10h54 Allumage moteur
11h08 On largue les amarres, les français du bateau d'à côté nous aident à nous dégager du quai et nous font de grand signes d'au revoir, comme une famille. Et qu'on le veuille ou non c'en est une. La grande famille consacrée des marins et autres navigateurs, et plus particulièrement de "ceux qui vont traverser ". Et, inconsciemment, c'est la réconfortante famille de ceux qui parlent la même langue à l'étranger.
11h39, voiles hissées, on éteint le moteur et voilà, on y est.
Le bruit de l'eau, le bruit du vent, le claquement caractéristique des écoutes et le clapotis familier de l'eau sur la coque. Et rien d'autre.
D'ailleurs, on ne s'y trompe pas, aucun de nous ne dit un mot. On savoure.
Aujourd'hui, on longe Tenerife sur toute sa longueur. Et si on a le cœur résolument tourné vers le large, on garde l'oeil accroché à la terre. On ne la reverra pas avant longtemps alors on se grave un peu de relief sur la rétine avant de ne voir que de l'eau à perte de vue.
Les conditions sont optimales, bon vent portant établi, peu de mer, parfait pour s'amariner. Le ciel est couvert par contre et au vent il ne fait pas très chaud.
17h22
L'île accroche les nuages, c'est tellement couvert qu'elle disparaît progressivement de notre champ de vision.
J'ai les yeux rivés sur la côte, ou plutôt l'ombre chinoise d'un sommet qui seul se détache encore timidement au loin.
Nous, on file au large, et comme on s'est extirpé de cet imbroglio nuageux on retrouve enfin un rayon de soleil qui procure un éclairage magnifique sur la masse grise et le grain qu'on laisse derrière nous.
18h19. Ça y'est. Où que je regarde, aussi loin que porte mon regard, je vois la mer.
Mon cœur s'emballe, d'appréhension, un peu, d'abandonner le confort et la sécurité de la terre ferme. D'excitation, surtout, car maintenant c'est l'aventure.

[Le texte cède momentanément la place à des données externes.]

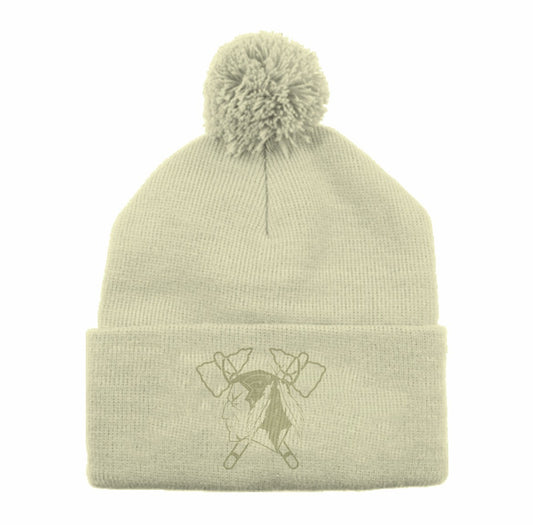 25-26 Military Edition HAWKS Pom Beanie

Pour de vrai.
Après en avoir rêvé, parlé, l'avoir fantasmée, je réalise et prend conscience que la traversée a bel et bien commencé.
Et ici l'adage "peu importe la destination, c'est partir et faire le voyage qui comptent" prend tout son sens.
Peu importe où nous mènera le vent et tant pis si ce n'était pas le cap qu'on s'était fixé.
D'ici là s'offre à nous la chance inestimable de déconnecter, d'oublier nos téléphones, l'actualité, nos emplois du temps trop chargés.
D'ici là s'offre à nous le bonheur simple d'admirer un lever ou un coucher de soleil, un arc-en-ciel ou la voie lactée.
D'ici là s'offre à nous un luxe précieux : le temps de prendre le temps. De réfléchir, de contempler, de lire, de se reposer, de prier, ou juste de ne penser à rien, les yeux dans LES vagues.
18h47
Plus de réseau. C'est l'heure de déconnecter. C'est l'heure de profiter. C'est l'heure de naviguer.